• _WHAT YOU WILL DO_
Give back the exact lines of the material below from the one containing "Sac à main en" through the one containing "A resin-bound driveway", and no pictures.

• _SUPPLIED MATERIAL_
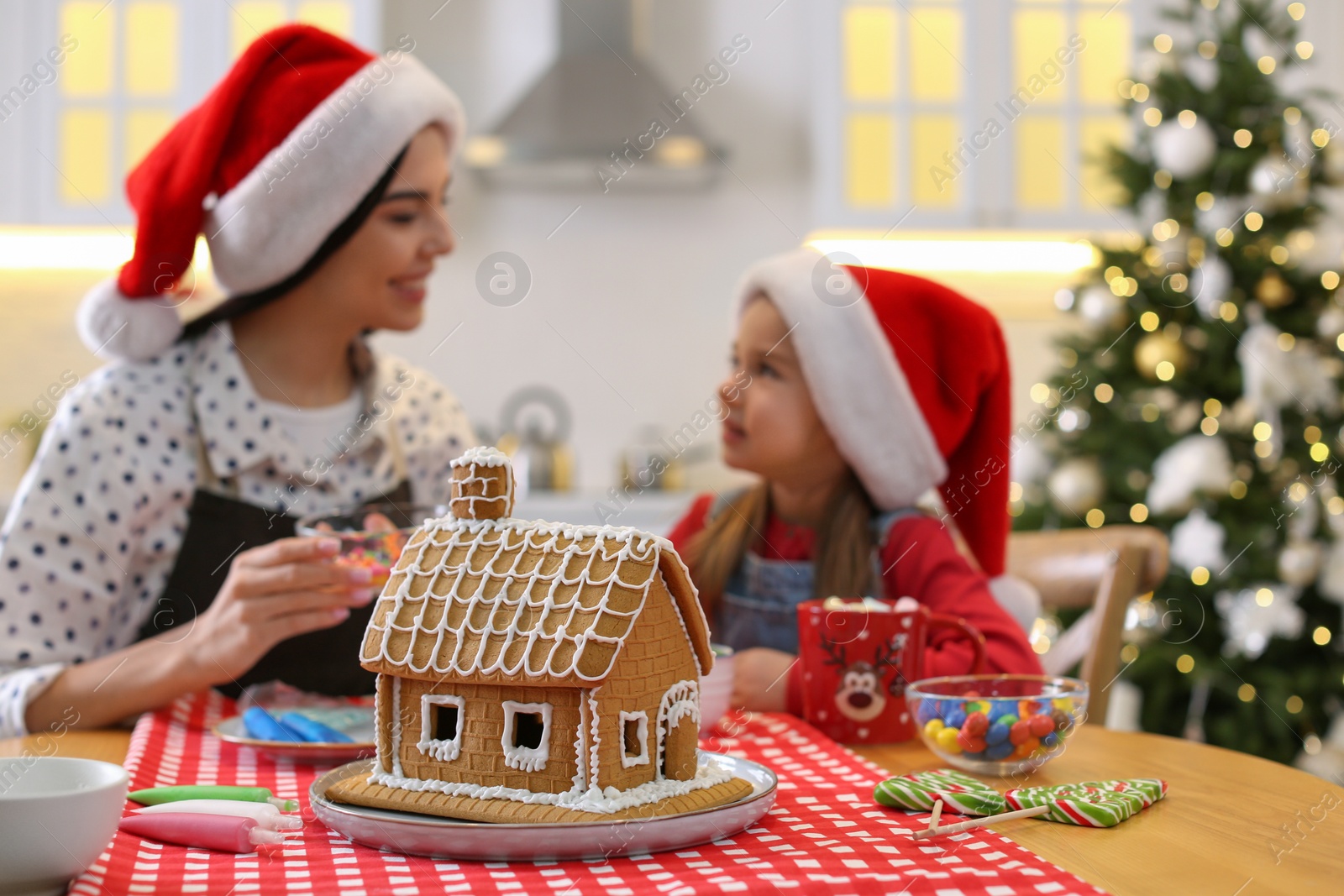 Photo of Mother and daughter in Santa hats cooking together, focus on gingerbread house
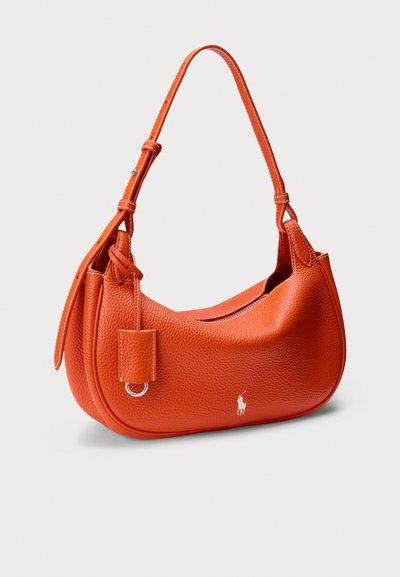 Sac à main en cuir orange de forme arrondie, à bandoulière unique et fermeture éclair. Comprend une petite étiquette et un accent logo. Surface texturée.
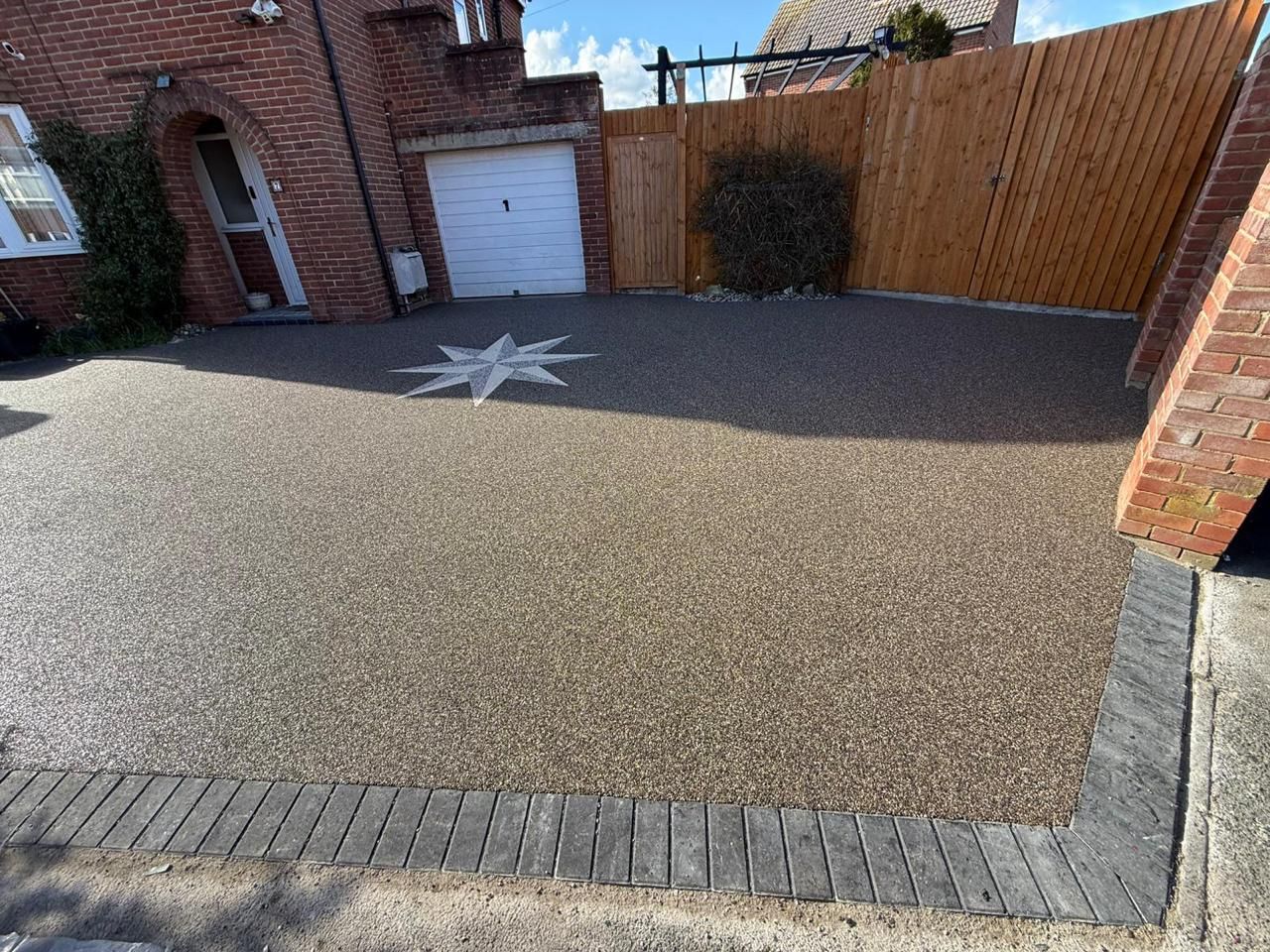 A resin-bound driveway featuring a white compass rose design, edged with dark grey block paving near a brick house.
--
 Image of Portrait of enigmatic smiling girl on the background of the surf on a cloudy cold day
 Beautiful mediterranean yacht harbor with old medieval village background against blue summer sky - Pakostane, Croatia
* * *
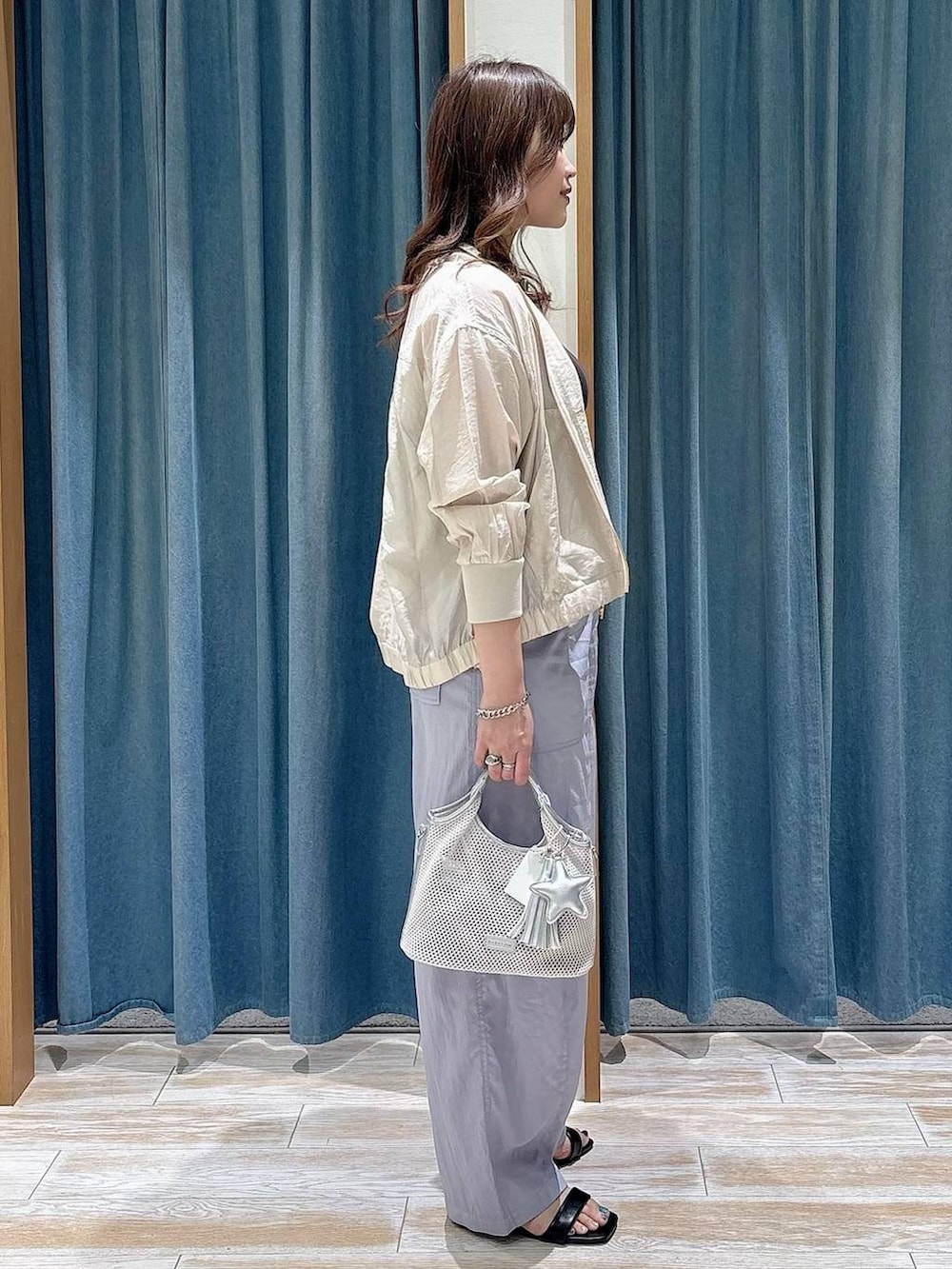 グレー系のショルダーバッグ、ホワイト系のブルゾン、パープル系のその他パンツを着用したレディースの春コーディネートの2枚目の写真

• _TASK OUTPUT_
 Sac à main en cuir orange de forme arrondie, à bandoulière unique et fermeture éclair. Comprend une petite étiquette et un accent logo. Surface texturée.
 A resin-bound driveway featuring a white compass rose design, edged with dark grey block paving near a brick house.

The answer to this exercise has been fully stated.